[What to produce]
Skip the pictures and restate, word for word, the lines from the one containing "4263 Island Circle Fort Myers FL 33919" to the end of the data below.

[Short web captions]

Content starts

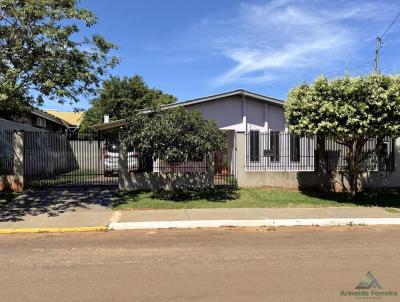 Casa para Venda, em So Gabriel do Oeste, bairro CENTRO, 2 dormitrios, 1 banheiro, 2 vagas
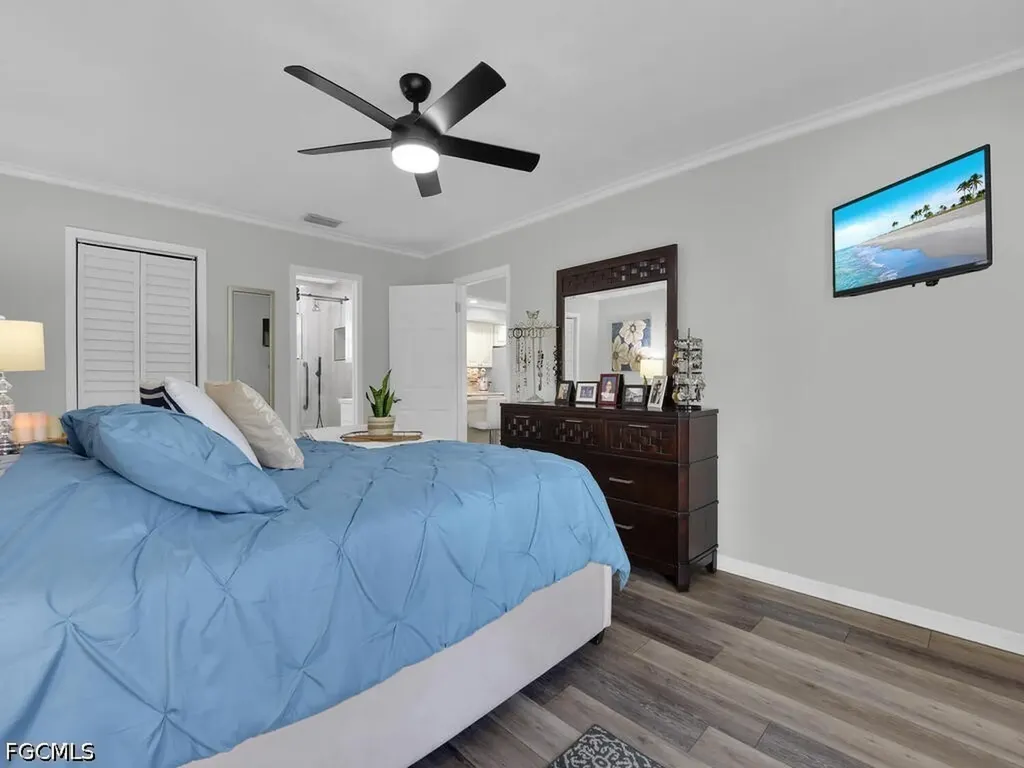 4263 Island Circle Fort Myers FL 33919
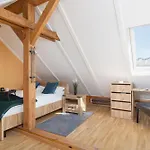 The Historic Kazimierz District - Apartments With Parking By Noclegi Renters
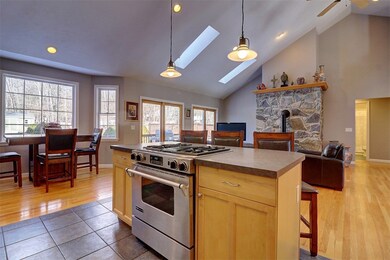 128 W Wrentham Rd, Cumberland, RI 02864 - photo 7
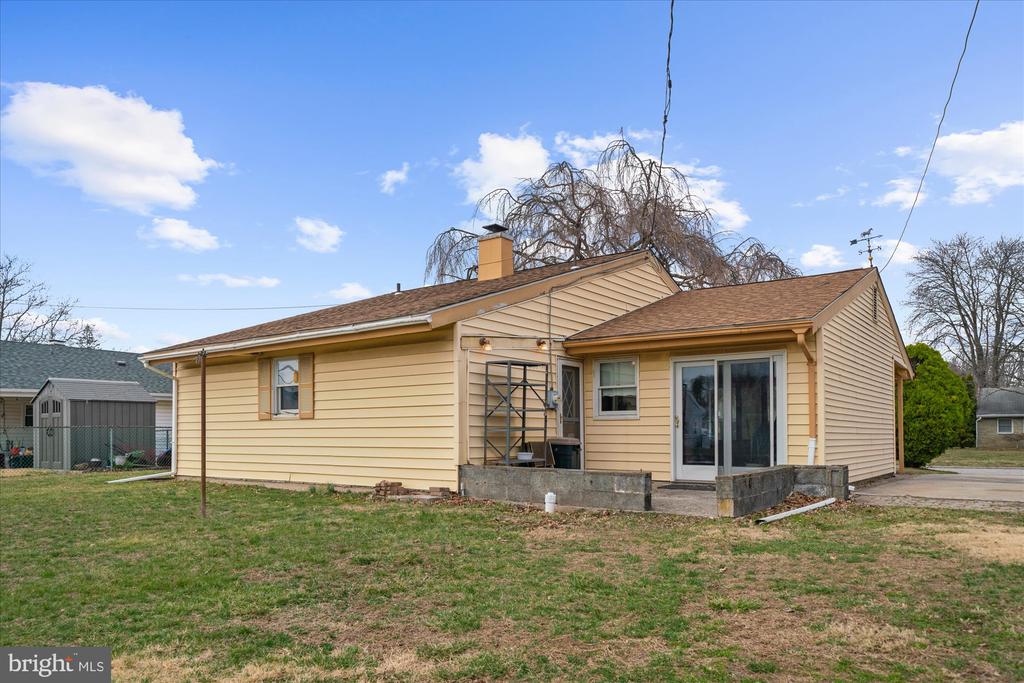 30 E CHURCH ROAD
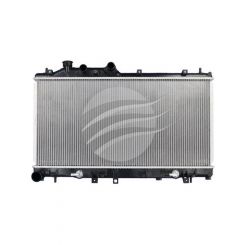 Koyorad Radiator For Subaru Outback BR 2009-On 2.0L Diesel Auto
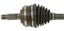 CV Axle Shaft A1 60-4202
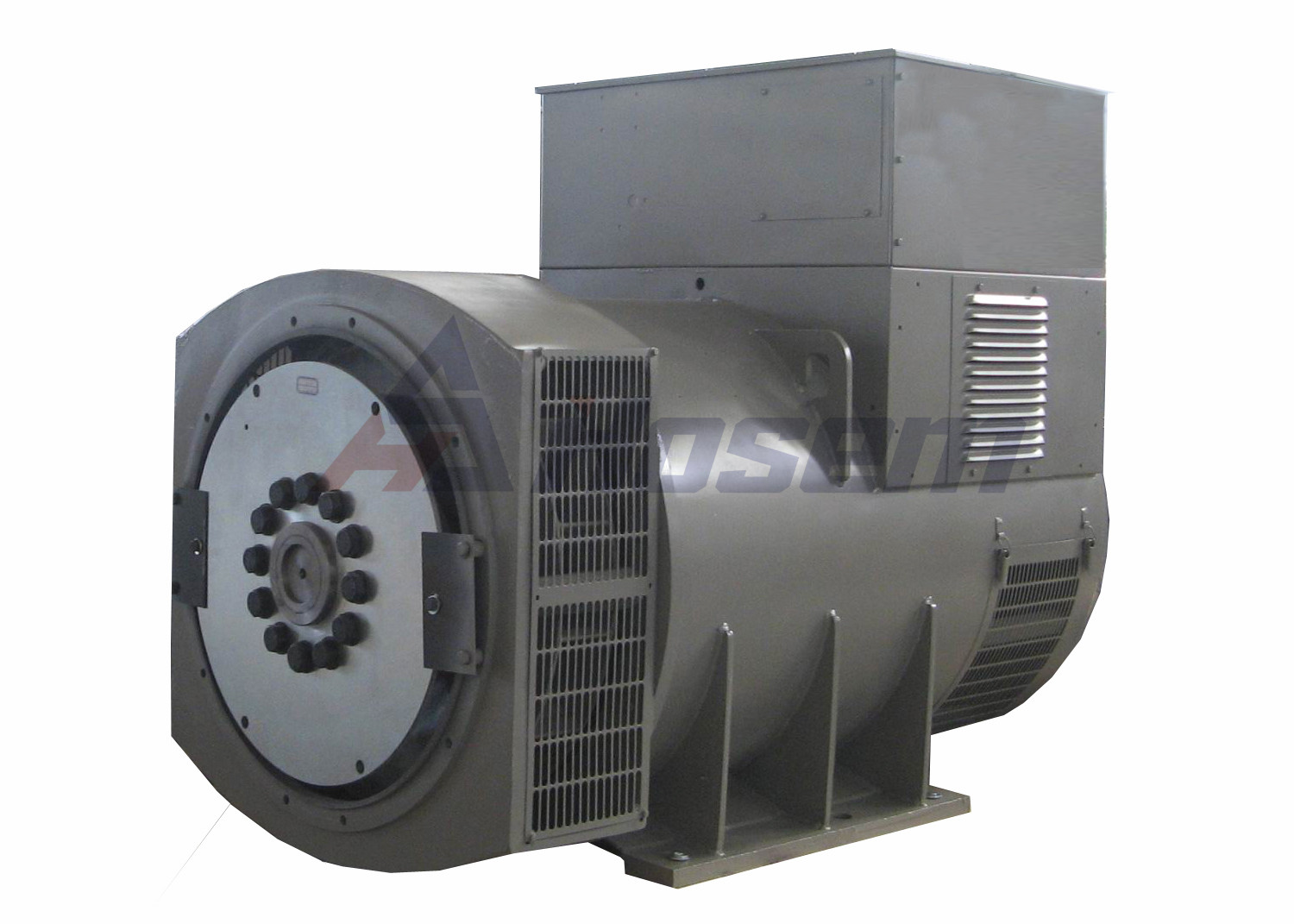 A.C. Generator, Dynamo, Alternator 10kW , 20kW , 30kW , 50kW, 100kW to 2000kW For Sale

Content ends

[Answer for this exercise]
 4263 Island Circle Fort Myers FL 33919
 The Historic Kazimierz District - Apartments With Parking By Noclegi Renters
 128 W Wrentham Rd, Cumberland, RI 02864 - photo 7
 30 E CHURCH ROAD
 Koyorad Radiator For Subaru Outback BR 2009-On 2.0L Diesel Auto
 CV Axle Shaft A1 60-4202
 A.C. Generator, Dynamo, Alternator 10kW , 20kW , 30kW , 50kW, 100kW to 2000kW For Sale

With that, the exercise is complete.